Are you heating it in the winter? Any insulation needed?


----------



## billb3 (Aug 11, 2011)

Ours were always pretty much sheds  but we  poured  about 1 - 2 inches of concrete on the floor over the plywood or boards. The floors of boards either got  thin tarpaper ( the stuff you used to use under wall shingles before tyvek) or just plain newspaper between the boards and concrete.

Chicken  sh!t will rot floor boards pretty quick without it.

It means you can't build a cheap bendy floor, but you'll probably do that anyway.


Plus you can wash  the floor out pretty quick and easy.



My brother just keeps replacing  his  top layer of 1/2 inch plywood floor when it gets nasty.
I don't think that's cheaper in the long run, but he'd rather do that.
It'll get torn up shovelling and scraping the  manure out  if you're not careful.


chickens are birds, they only need heat as chicks, they need a cool dry place out of the wind.
Without a lot of  ventilation in the Summer they can suffer.
Water can be a problem in Winter. They need it around just like a dog does.


----------



## smokinj (Aug 11, 2011)

billb3 said:
			
		

> Ours were always pretty much sheds  but we  poured  about 1 - 2 inches of concrete on the floor over the plywood or boards. The floors of boards either got  thin tarpaper ( the stuff you used to use under wall shingles before tyvek) or just plain newspaper between the boards and concrete.
> 
> Chicken  sh!t will rot floor boards pretty quick without it.
> 
> ...



Floor will be one inch Black walnut painted with a gloss white. Cheap to me but should be a strudy floor, and easier to power wash. Looks like it will be 8x4x5 three foot off the ground. Shingle roof and more black walnut for siding. Wind is a big issue at my place thinking of Styrofoam boards?


----------



## backpack09 (Aug 11, 2011)

They will eat styrafoam, caulk or anything else that they can peck at.  I had a nicely insulated coop at one time... not any more, oh well, they seem to keep warm enough in the winter.  My box is 4x6x4tall about 3' off the ground a large swinging door on the back to clean out the coop. 3 nest boxes on the sunny side of the coop.  all framed with 2x4s and 3/4" sheething.  Roof is shed style 2x4s at 20" o.c. with corrogated plastic roofing.  I will try and grab some pictures tonight.

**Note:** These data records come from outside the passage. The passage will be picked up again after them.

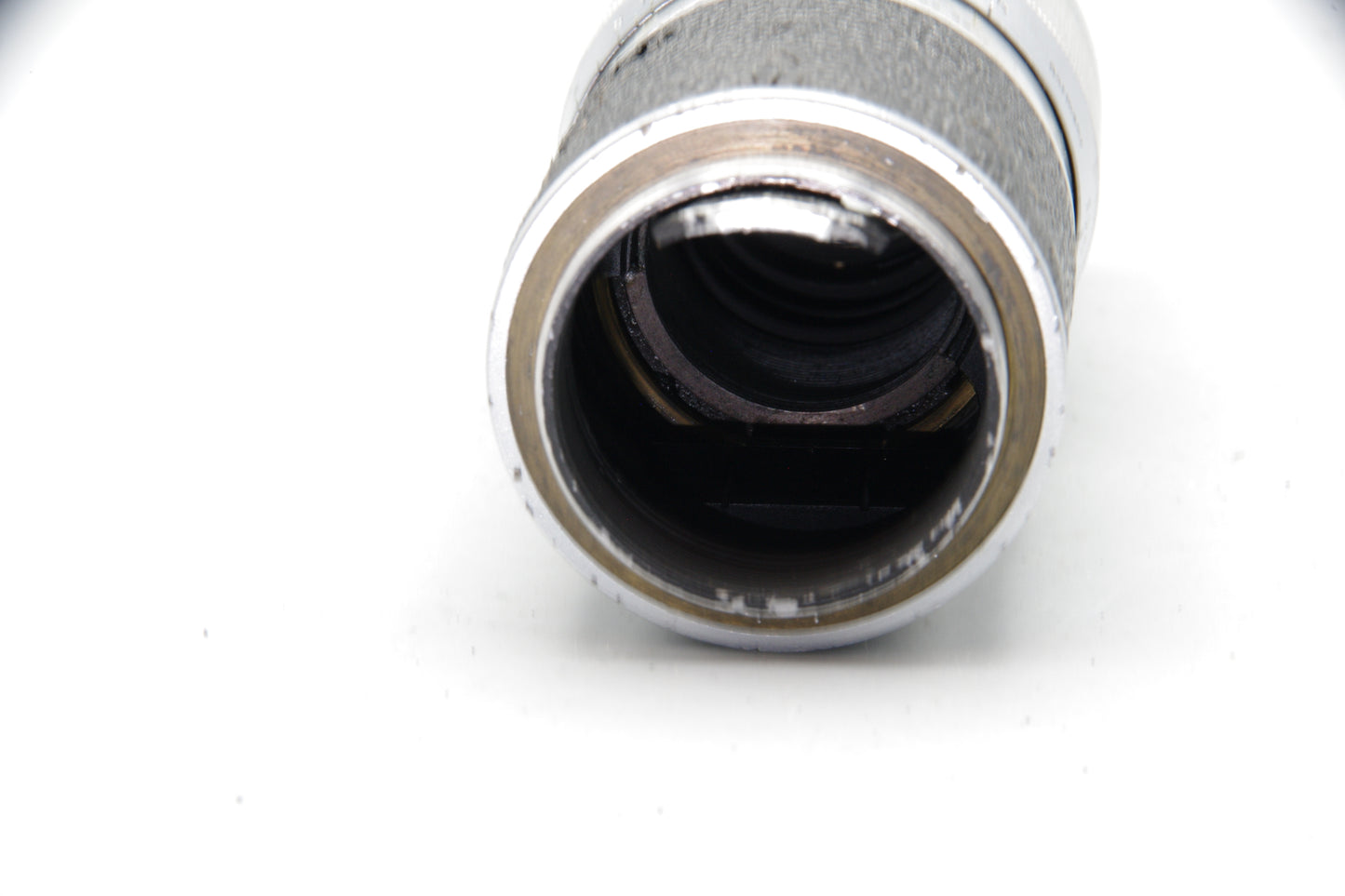 Leitz Hektor 135mm f4.5 LTM Lens 1955 Leica Screw Mount Very Good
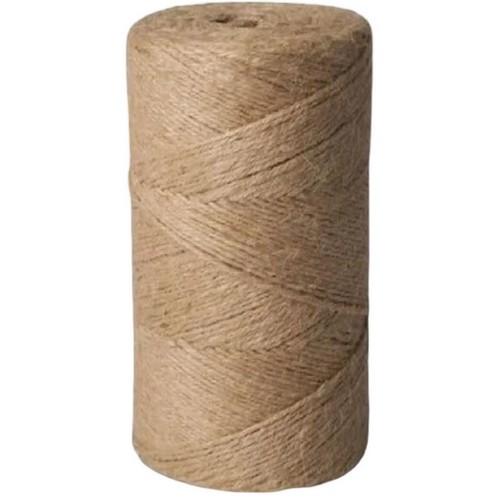 Купить Шпагат крученый джутовый 1,8мм 200м STARFIX                                                         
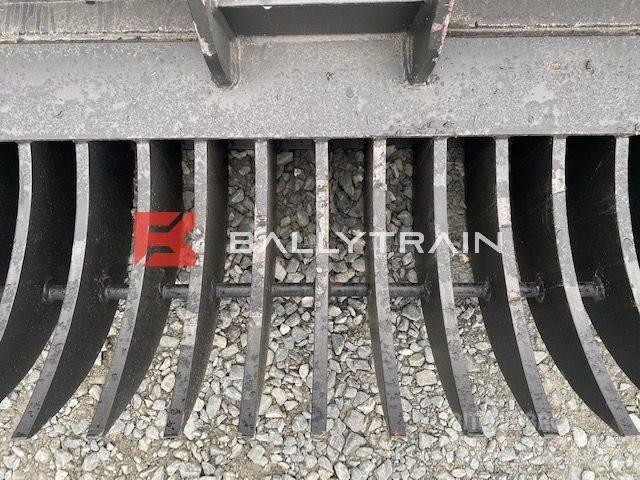  New 65mm Rake Bucket Benne
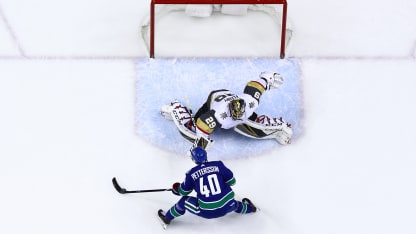 Knights Canucks preview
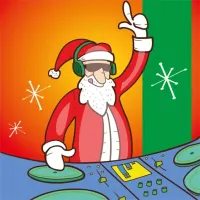 Santa Merry Xmas Puzzle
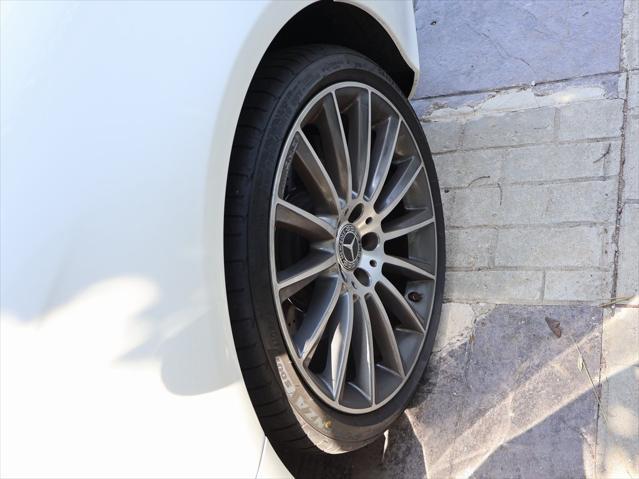 used 2018 Mercedes-Benz SL 450 car, priced at $47,990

I have 6 birds currently but had 10 last fall.

I would recommend checking out http://www.backyardchickens.com/ and their forum for lots of ideas on coop building and general chicken knowledge.


----------



## smokinj (Aug 11, 2011)

Backpack09 said:
			
		

> They will eat styrafoam, caulk or anything else that they can peck at.  I had a nicely insulated coop at one time... not any more, oh well, they seem to keep warm enough in the winter.  My box is 4x6x4tall about 3' off the ground a large swinging door on the back to clean out the coop. 3 nest boxes on the sunny side of the coop.  all framed with 2x4s and 3/4" sheething.  Roof is shed style 2x4s at 20" o.c. with corrogated plastic roofing.  I will try and grab some pictures tonight.
> 
> I have 6 birds currently but had 10 last fall.
> 
> I would recommend checking out http://www.backyardchickens.com/ and their forum for lots of ideas on coop building and general chicken knowledge.



Yea I am on that site now. I was thinking of a corrugated cardboard sandwich siding black walnut and a painted 1/4 osb on the inside?


----------



## SmokeyTheBear (Aug 11, 2011)

smokinjay,

If you keep the chickens dry and in a draft free coop they can stand a lot of cold.  I have two coops, one is double walled the other isn't the double wall was overkill.

Neither are insulated.

Chickens really hate it when the temperature climbs above 70 Â°F after they have fully feathered out (about 7 weeks of age) in fact the birds can easily over heat and die.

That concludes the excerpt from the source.